What is expected -> Word for word, transcribe the lines below and drop the pictures.

Supplied material ->

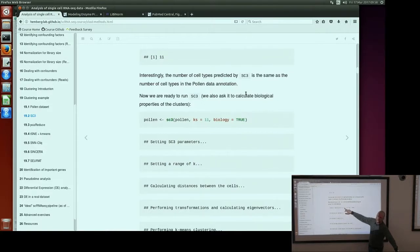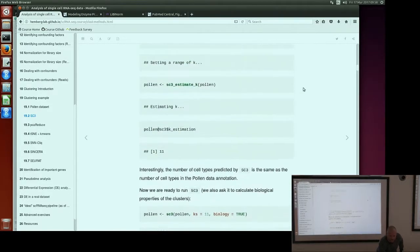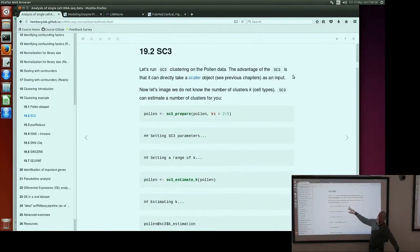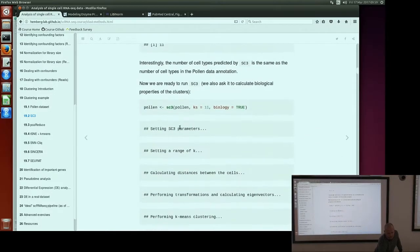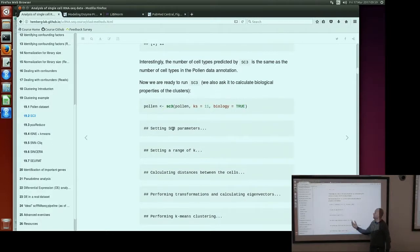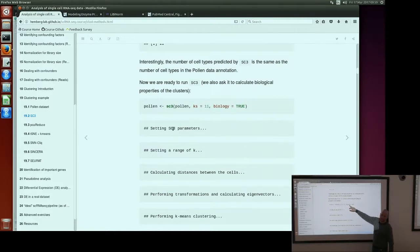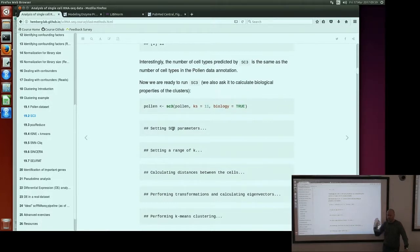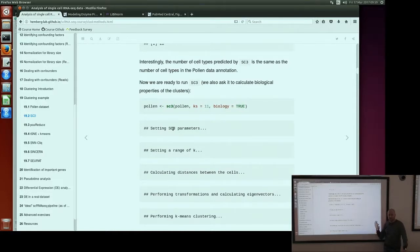SC3 also has a function which can estimate k for you. If we run it on this dataset, it finds 11 clusters, which is equivalent to the number of cell types reported by the authors — that's a good sign. Then we run the analysis using this number of clusters. Here I'm defining k as 11 just to save time. We also want to define the biology parameter — by default it's false, but if you set it to true, SC3 will calculate differentially expressed genes, marker genes, and outlier cells for the given k. For k equals 11, it will find all three of these.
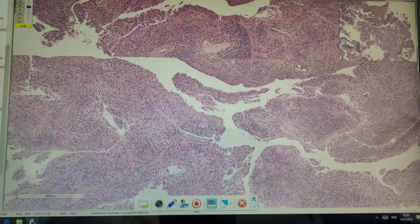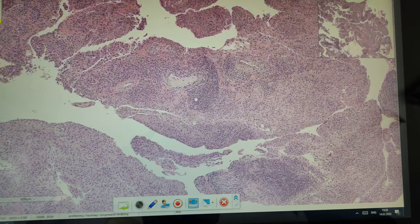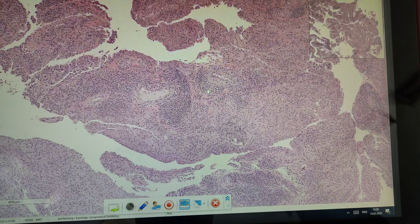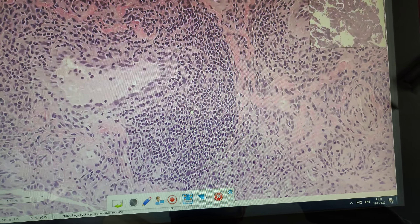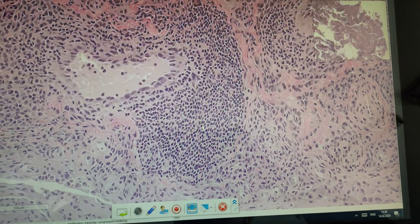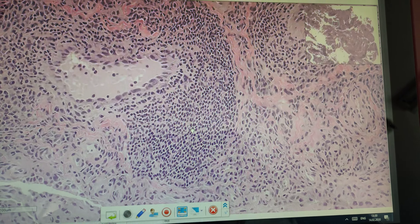Infiltrates are, for example, here. The infiltrates are also non-specific. The cellular composition you already remember: lymphocytes, plasma cells, and macrophages.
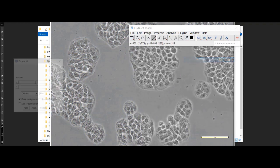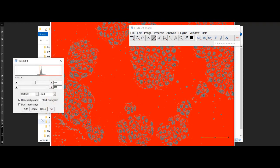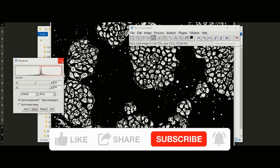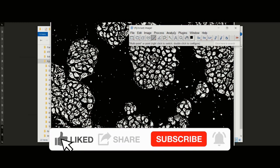Now that we have our cells highlighted, we can use the particle analysis tool to count them.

Solution to this problem ->
SC3 also has a function which can estimate k for you. If we run it on this dataset, it finds 11 clusters, which is equivalent to the number of cell types reported by the authors — that's a good sign. Then we run the analysis using this number of clusters. Here I'm defining k as 11 just to save time. We also want to define the biology parameter — by default it's false, but if you set it to true, SC3 will calculate differentially expressed genes, marker genes, and outlier cells for the given k. For k equals 11, it will find all three of these.
Infiltrates are, for example, here. The infiltrates are also non-specific. The cellular composition you already remember: lymphocytes, plasma cells, and macrophages.
Now that we have our cells highlighted, we can use the particle analysis tool to count them.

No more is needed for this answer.